Nein, man kann nicht sagen, dass Stefan Zweig anno 1915, bei der Abfassung dieses Buches, das nun, aus dem Nachlass herausgegeben, den Titel "Vor dem Sturm" trägt und die entscheidenden Geschehnisse vor dem Ersten Weltkrieg zeigt, unvoreingenommen war. Wie auch, gehörte Zweig doch damals, so wie Rudolf Hans Bartsch, Erwin Rieger, Alfred Polgar und - eine Zeit lang - Rainer Maria Rilke, der "Literarischen Gruppe" des Kriegsarchivs an. Und der Auftrag, einen Text zu schreiben, der für die Kriegserklärung des Kaisers an Serbien um Verständnis wirbt, kam von der Militärverwaltung der k.k. Monarchie Österreich-Ungarns.

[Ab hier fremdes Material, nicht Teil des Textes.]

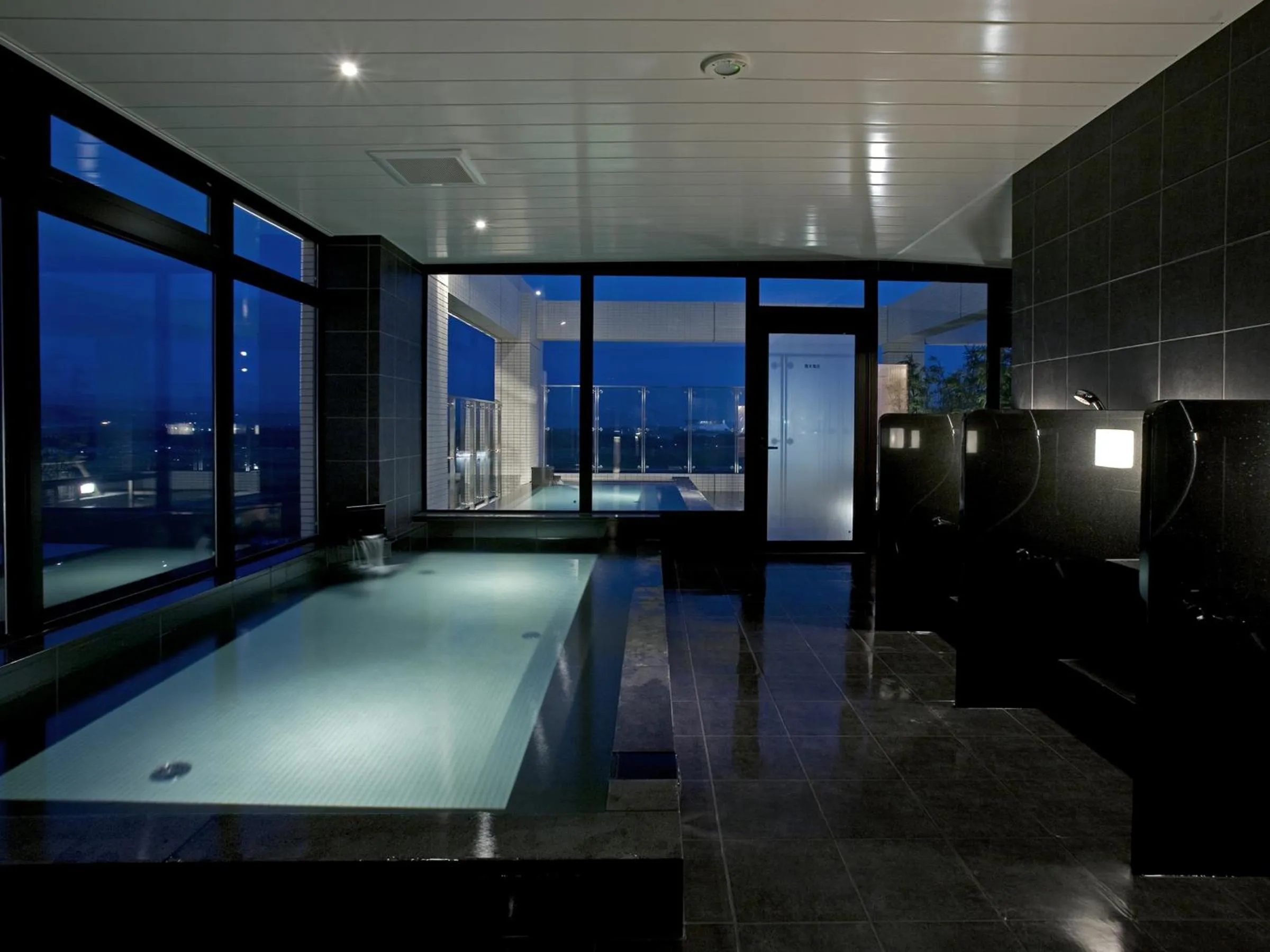 Open Air Bath in Candeo Hotels Kikuyo Kumamoto Airport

Aber Zweig - der überzeugte Pazifist, der es als seine "moralische Pflicht" ansah, "den Mord zu verweigern", wie er 1917 in seinem an Romain Rolland übergebenen "Testament des Gewissens" festhielt - erweist sich in diesem Auftragsbuch nur oberflächlich als parteiisch, und nur vordergründig als patriotisch. In der Summe des Dargestellten zeigt er sich auch in "Vor dem Sturm" als das genaue Gegenteil eines Bellizisten.

Vor dem Weltenbrand

Die Rollen in diesem Buch, das das verhängnisvolle Zusteuern auf den Weltenbrand in dramatisch effektvoller Weise schildert, sind von Anfang an klar verteilt. Um die Jahrhundertwende, als noch die "Friedenglocken läuten" (da steigt Zweig in den Lauf der Geschichte ein, und stellt die späteren Kombattanten vor), ist Deutschland zwar "erstarkt, aber noch immer in Selbstordnung begriffen", Italien ebenfalls ganz mit "innerer Konsolidierung" beschäftigt, und in Österreich-Ungarn würde "jede äußere Machterweiterung zunächst das innere Gleichgewicht seiner Nationen verrücken und stören".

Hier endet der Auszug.